#### DATA TO EXAMINE:
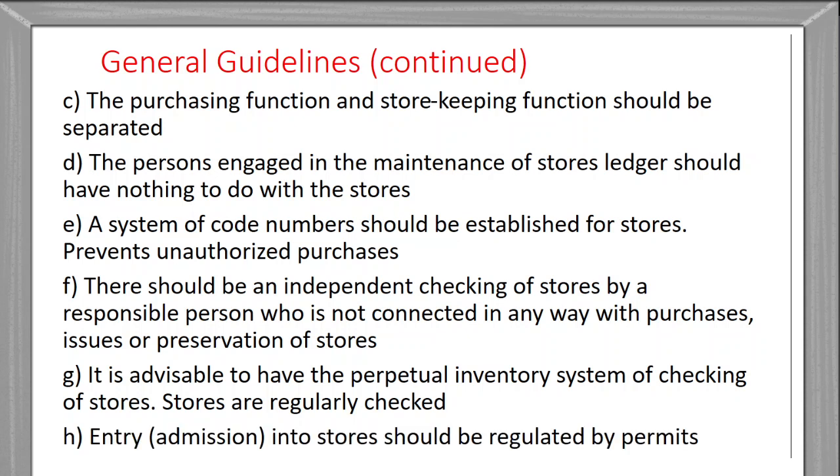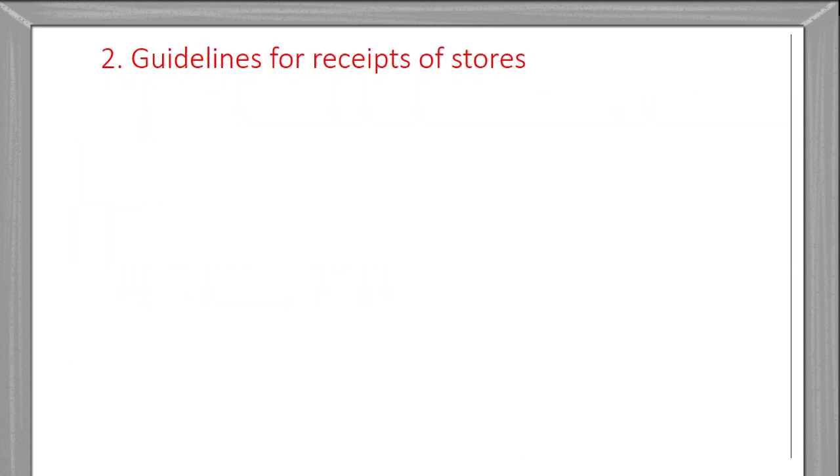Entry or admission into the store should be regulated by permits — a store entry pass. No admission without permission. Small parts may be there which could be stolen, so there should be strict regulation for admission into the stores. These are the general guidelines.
--
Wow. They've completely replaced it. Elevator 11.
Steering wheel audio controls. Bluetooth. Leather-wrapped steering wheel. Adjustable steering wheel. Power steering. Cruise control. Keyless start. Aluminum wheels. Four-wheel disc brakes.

#### ASSIGNED TASK:
Set down, exactly as they appear above, all lines from the one that has "Wow. They've completely" down to the one that has "Steering wheel audio", including those two and no others.

#### OUTPUT FOR THIS EXERCISE:
Wow. They've completely replaced it. Elevator 11.
Steering wheel audio controls. Bluetooth. Leather-wrapped steering wheel. Adjustable steering wheel. Power steering. Cruise control. Keyless start. Aluminum wheels. Four-wheel disc brakes.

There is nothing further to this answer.